>>

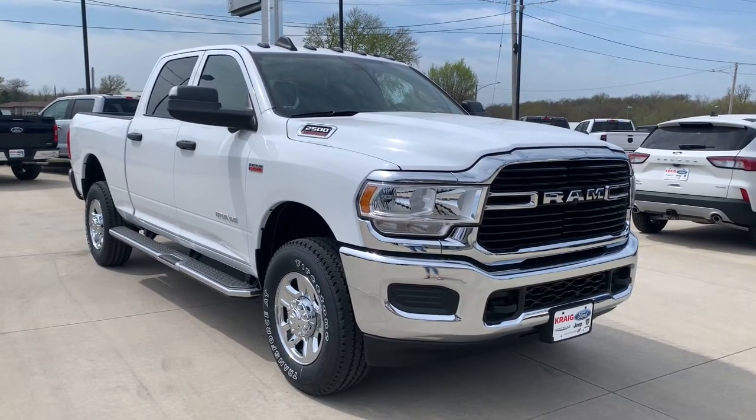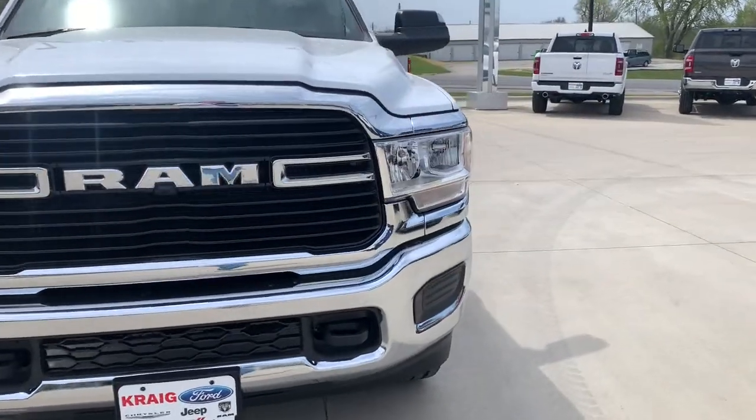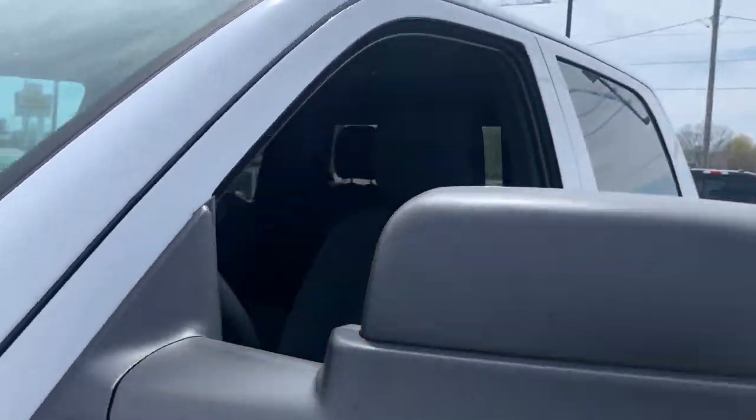The Ram 2500 has what it takes to get the big jobs done right. It's infused with heavy-duty capability, connected, convenient, comfortable, and built to last.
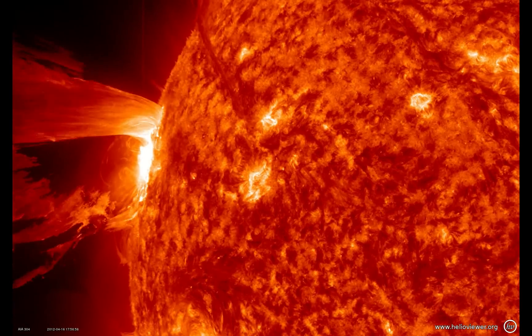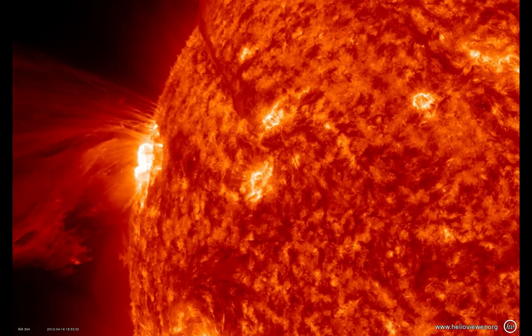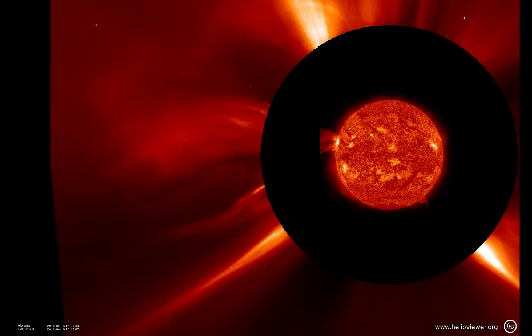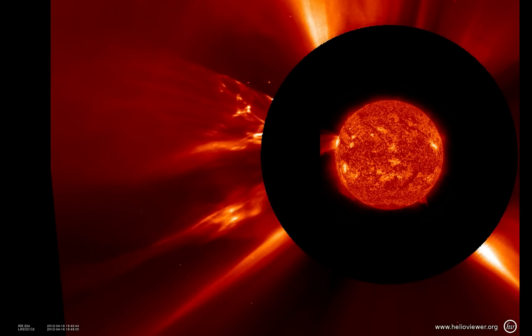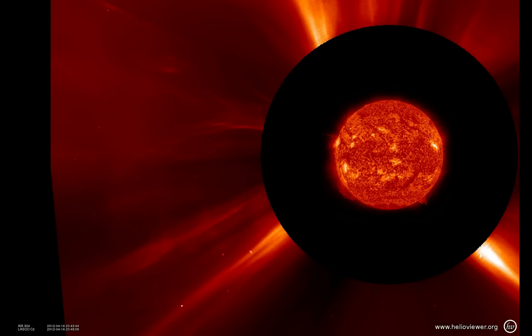We can look at this with the SOHO LASCO-2 coronagraph. You start to see the inner disc with AIA-304. You can see the material blasting away in the CME, but you can also see this material getting sucked back down.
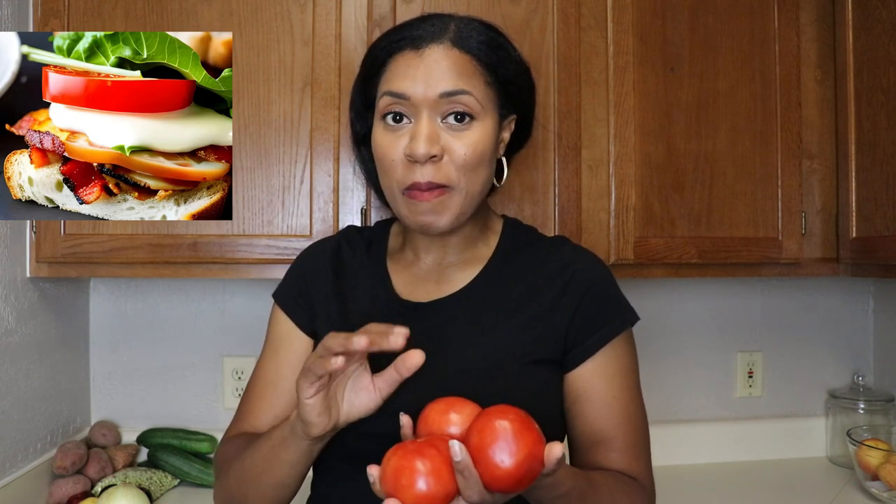We got some tomatoes. My husband is from the south, and what he loves — and so did my granny and my mom — is a tomato sandwich. Let me know in the comments if you eat tomato sandwiches. I did not grow up eating that; I like tomato with turkey bacon, lettuce, salt and pepper. But a tomato sandwich is a big thing in the south. I'm gonna make my husband one with these — don't tell him!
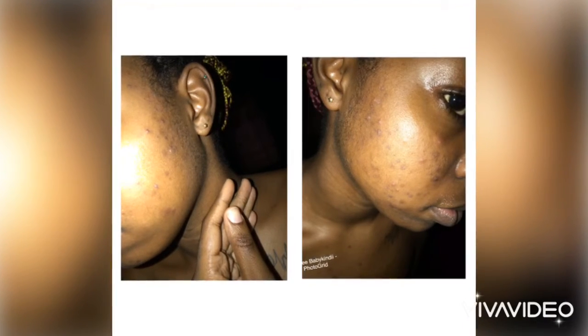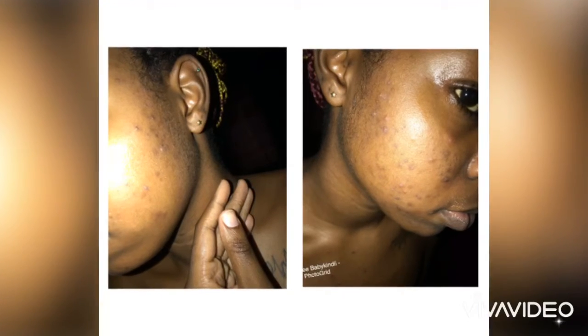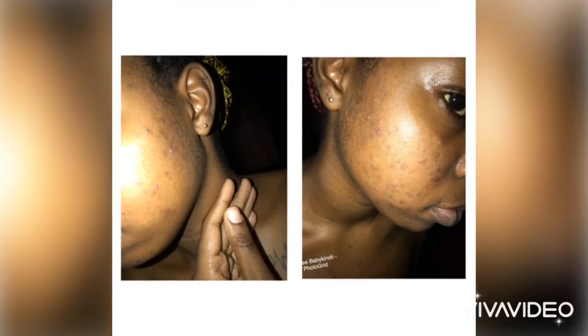Hey guys, welcome back to my channel. I normally have good skin but woke up one day with a few bumps, and they got worse just like this picture. So I had three things that I use on my face.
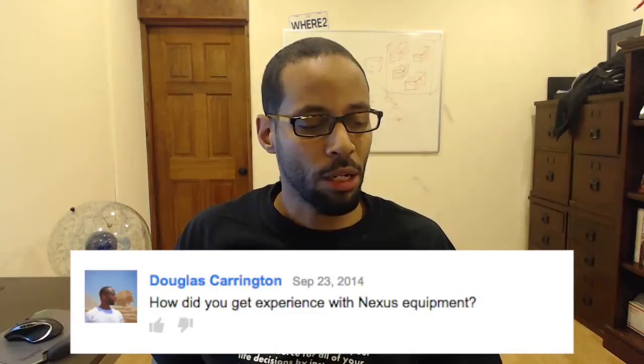Hello networkers and welcome back to another Ask the Network Engineer series. In this episode I'm going to answer one of your questions. This question comes from Douglas Carrington, who asked how did you get experience with Nexus equipment?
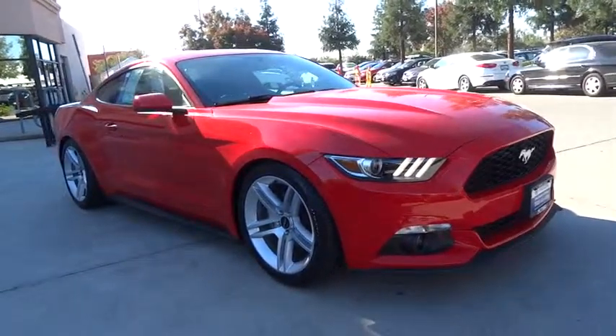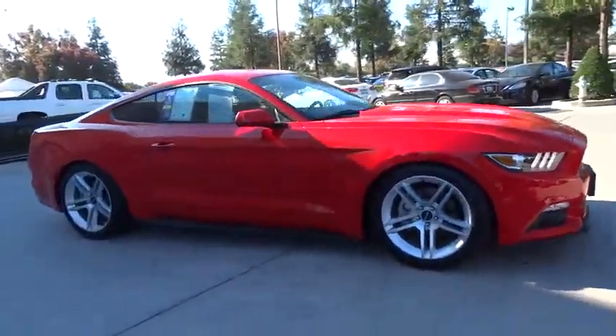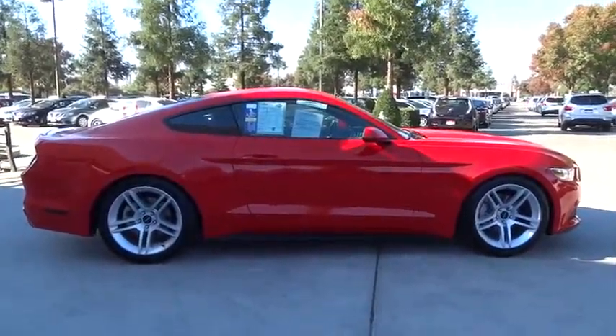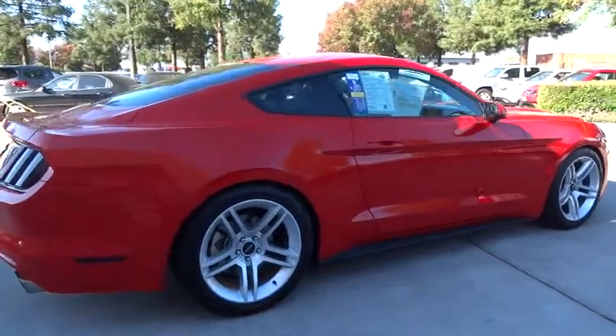The 2016 Ford Mustang. The Mustang is race-worthy and ready for the track. This vehicle has less than 9,000 miles. Here are some of this vehicle's great options.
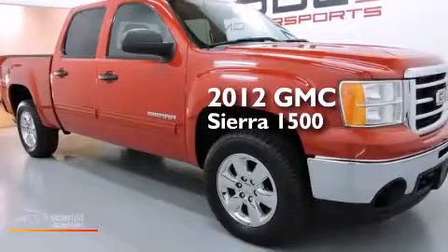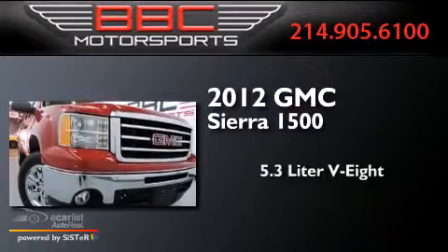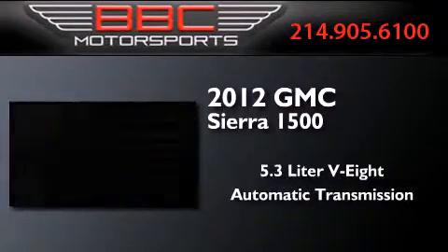This is a 2012 GMC Sierra 1500. It has a 5.3-liter eight-cylinder engine, an automatic transmission, and four-wheel drive.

<<

→ **Try it**:
Your answer must be an exact copy of the lines above, from the line that contains "We got some" through the final line, with no pictures in it.

→ **Result of the task**:
We got some tomatoes. My husband is from the south, and what he loves — and so did my granny and my mom — is a tomato sandwich. Let me know in the comments if you eat tomato sandwiches. I did not grow up eating that; I like tomato with turkey bacon, lettuce, salt and pepper. But a tomato sandwich is a big thing in the south. I'm gonna make my husband one with these — don't tell him!
Hey guys, welcome back to my channel. I normally have good skin but woke up one day with a few bumps, and they got worse just like this picture. So I had three things that I use on my face.
Hello networkers and welcome back to another Ask the Network Engineer series. In this episode I'm going to answer one of your questions. This question comes from Douglas Carrington, who asked how did you get experience with Nexus equipment?
The 2016 Ford Mustang. The Mustang is race-worthy and ready for the track. This vehicle has less than 9,000 miles. Here are some of this vehicle's great options.
This is a 2012 GMC Sierra 1500. It has a 5.3-liter eight-cylinder engine, an automatic transmission, and four-wheel drive.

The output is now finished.